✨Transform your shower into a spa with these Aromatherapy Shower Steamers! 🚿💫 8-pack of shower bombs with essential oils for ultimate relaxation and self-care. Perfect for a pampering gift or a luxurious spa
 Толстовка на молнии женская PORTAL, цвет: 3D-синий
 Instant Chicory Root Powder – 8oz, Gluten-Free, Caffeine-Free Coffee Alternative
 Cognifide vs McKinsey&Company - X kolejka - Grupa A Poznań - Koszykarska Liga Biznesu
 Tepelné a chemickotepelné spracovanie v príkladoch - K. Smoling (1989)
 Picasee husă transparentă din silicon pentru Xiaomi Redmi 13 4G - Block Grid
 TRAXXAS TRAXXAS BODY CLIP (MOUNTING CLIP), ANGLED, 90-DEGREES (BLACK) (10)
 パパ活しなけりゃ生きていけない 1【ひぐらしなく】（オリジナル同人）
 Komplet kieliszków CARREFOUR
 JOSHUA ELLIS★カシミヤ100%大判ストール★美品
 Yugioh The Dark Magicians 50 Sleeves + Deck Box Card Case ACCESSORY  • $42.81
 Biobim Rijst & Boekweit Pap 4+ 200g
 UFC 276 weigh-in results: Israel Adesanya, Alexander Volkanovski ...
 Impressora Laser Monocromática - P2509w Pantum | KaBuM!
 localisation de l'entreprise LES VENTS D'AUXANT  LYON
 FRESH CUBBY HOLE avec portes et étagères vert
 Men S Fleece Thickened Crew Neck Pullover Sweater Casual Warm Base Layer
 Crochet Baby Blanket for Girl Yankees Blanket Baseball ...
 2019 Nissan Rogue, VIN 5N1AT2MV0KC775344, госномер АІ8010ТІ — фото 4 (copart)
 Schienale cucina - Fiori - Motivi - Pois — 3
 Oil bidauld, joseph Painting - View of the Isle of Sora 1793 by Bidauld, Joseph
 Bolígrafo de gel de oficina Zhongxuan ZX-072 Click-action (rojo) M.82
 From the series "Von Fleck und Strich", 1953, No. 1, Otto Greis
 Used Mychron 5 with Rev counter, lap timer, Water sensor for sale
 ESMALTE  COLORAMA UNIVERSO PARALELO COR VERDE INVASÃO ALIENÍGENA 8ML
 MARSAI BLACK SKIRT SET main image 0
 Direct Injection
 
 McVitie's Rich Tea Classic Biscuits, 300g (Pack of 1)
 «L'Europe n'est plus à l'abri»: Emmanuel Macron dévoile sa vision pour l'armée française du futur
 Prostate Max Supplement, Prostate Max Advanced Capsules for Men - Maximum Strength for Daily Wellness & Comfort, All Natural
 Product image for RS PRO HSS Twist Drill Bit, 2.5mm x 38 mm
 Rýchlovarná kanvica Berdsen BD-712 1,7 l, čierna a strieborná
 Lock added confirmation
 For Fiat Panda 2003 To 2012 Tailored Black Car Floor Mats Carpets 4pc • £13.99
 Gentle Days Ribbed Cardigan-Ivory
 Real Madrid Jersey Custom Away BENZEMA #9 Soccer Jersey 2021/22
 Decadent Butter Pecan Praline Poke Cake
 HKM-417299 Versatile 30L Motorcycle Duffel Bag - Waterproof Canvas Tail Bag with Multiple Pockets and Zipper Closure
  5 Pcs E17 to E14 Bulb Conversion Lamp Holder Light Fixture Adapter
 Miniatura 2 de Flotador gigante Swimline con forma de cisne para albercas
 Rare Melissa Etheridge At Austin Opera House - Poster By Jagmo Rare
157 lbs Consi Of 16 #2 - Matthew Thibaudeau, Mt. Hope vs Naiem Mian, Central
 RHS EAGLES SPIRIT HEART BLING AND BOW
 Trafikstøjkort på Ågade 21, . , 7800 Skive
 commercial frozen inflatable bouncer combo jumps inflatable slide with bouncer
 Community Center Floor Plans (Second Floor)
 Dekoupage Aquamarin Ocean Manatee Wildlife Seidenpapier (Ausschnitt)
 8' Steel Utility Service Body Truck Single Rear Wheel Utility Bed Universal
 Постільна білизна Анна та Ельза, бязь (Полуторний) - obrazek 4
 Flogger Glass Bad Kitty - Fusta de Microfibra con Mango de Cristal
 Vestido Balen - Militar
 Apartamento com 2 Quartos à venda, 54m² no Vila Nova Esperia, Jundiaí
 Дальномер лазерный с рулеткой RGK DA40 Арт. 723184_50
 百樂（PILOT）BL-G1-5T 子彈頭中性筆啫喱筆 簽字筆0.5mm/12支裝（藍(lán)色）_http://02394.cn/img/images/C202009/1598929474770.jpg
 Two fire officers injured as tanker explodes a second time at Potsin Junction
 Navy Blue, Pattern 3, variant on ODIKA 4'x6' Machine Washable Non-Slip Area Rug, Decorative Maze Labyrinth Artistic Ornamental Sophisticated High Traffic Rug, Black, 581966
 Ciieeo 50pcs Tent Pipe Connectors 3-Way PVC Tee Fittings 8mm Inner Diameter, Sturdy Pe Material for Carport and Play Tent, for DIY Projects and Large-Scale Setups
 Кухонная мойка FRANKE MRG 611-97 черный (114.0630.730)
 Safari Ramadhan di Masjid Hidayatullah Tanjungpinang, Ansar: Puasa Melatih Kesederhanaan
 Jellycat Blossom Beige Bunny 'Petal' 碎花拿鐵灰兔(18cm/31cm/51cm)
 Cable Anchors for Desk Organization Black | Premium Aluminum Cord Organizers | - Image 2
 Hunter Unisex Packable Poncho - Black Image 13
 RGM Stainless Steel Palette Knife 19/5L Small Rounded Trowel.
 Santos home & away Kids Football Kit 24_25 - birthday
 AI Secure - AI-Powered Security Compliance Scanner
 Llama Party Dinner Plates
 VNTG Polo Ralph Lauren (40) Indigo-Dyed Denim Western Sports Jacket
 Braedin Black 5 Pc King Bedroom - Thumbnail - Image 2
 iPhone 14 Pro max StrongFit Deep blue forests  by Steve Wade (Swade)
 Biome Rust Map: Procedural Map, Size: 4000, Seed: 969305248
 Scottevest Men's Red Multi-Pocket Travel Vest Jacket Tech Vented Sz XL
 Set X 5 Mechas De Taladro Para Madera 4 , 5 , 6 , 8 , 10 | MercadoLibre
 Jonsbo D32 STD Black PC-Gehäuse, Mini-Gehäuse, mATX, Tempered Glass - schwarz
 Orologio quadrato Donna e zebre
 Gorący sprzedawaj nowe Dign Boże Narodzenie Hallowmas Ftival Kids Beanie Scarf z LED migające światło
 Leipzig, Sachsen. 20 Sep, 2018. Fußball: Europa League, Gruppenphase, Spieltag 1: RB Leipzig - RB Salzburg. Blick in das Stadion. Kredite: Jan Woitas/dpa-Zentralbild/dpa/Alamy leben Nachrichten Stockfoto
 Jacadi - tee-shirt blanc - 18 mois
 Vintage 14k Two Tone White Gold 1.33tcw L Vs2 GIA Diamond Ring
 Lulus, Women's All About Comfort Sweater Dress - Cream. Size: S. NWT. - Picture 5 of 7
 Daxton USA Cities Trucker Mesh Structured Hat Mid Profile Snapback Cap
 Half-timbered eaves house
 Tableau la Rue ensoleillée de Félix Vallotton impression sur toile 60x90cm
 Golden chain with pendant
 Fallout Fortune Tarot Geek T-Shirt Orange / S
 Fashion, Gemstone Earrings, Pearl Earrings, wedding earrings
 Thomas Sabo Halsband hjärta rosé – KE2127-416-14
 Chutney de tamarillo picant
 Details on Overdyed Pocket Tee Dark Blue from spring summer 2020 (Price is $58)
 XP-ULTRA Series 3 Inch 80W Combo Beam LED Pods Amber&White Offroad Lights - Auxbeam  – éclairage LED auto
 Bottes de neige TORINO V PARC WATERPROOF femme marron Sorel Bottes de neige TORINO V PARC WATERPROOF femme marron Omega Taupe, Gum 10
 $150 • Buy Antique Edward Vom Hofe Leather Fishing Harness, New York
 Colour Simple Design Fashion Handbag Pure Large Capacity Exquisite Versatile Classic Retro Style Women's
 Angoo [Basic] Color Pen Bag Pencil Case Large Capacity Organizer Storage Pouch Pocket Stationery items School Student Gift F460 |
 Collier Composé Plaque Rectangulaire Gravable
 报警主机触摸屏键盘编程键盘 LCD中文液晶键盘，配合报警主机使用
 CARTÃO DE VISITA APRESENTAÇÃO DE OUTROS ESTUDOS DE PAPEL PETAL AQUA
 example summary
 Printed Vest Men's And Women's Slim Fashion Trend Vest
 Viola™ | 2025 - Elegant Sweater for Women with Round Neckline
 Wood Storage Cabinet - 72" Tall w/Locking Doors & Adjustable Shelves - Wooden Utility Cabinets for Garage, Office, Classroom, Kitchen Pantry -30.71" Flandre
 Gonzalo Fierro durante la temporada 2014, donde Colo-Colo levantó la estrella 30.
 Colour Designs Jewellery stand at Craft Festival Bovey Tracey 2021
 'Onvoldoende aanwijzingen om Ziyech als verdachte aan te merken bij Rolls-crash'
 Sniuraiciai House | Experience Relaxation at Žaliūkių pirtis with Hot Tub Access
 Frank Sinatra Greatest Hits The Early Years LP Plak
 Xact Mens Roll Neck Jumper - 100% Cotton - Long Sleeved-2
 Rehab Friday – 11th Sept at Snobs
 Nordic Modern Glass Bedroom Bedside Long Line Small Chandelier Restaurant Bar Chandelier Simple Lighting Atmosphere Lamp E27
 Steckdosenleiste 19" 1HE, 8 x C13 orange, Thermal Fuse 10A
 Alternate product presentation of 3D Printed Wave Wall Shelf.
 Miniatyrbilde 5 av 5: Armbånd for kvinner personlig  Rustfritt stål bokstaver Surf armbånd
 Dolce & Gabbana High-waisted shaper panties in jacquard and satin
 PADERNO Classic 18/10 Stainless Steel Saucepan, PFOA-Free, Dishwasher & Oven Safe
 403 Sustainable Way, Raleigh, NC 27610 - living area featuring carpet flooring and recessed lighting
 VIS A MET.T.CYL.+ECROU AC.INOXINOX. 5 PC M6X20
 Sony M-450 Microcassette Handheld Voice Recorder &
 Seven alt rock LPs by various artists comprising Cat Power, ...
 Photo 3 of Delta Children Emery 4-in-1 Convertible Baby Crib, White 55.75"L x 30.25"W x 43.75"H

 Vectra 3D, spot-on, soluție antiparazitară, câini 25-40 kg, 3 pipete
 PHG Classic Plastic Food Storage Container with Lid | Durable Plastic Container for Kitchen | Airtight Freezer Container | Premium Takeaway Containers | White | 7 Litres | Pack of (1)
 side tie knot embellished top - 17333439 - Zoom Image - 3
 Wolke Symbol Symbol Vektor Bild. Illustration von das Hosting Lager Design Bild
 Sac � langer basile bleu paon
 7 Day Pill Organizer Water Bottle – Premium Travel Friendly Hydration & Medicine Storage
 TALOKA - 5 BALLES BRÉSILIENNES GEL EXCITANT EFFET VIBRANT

────────

The task:
Reproduce only the lines above, starting at the line with "Used Mychron 5" and ending at the line with "Rare Melissa Etheridge", exactly as written.

Answer space:
 Used Mychron 5 with Rev counter, lap timer, Water sensor for sale
 ESMALTE  COLORAMA UNIVERSO PARALELO COR VERDE INVASÃO ALIENÍGENA 8ML
 MARSAI BLACK SKIRT SET main image 0
 Direct Injection
 
 McVitie's Rich Tea Classic Biscuits, 300g (Pack of 1)
 «L'Europe n'est plus à l'abri»: Emmanuel Macron dévoile sa vision pour l'armée française du futur
 Prostate Max Supplement, Prostate Max Advanced Capsules for Men - Maximum Strength for Daily Wellness & Comfort, All Natural
 Product image for RS PRO HSS Twist Drill Bit, 2.5mm x 38 mm
 Rýchlovarná kanvica Berdsen BD-712 1,7 l, čierna a strieborná
 Lock added confirmation
 For Fiat Panda 2003 To 2012 Tailored Black Car Floor Mats Carpets 4pc • £13.99
 Gentle Days Ribbed Cardigan-Ivory
 Real Madrid Jersey Custom Away BENZEMA #9 Soccer Jersey 2021/22
 Decadent Butter Pecan Praline Poke Cake
 HKM-417299 Versatile 30L Motorcycle Duffel Bag - Waterproof Canvas Tail Bag with Multiple Pockets and Zipper Closure
  5 Pcs E17 to E14 Bulb Conversion Lamp Holder Light Fixture Adapter
 Miniatura 2 de Flotador gigante Swimline con forma de cisne para albercas
 Rare Melissa Etheridge At Austin Opera House - Poster By Jagmo Rare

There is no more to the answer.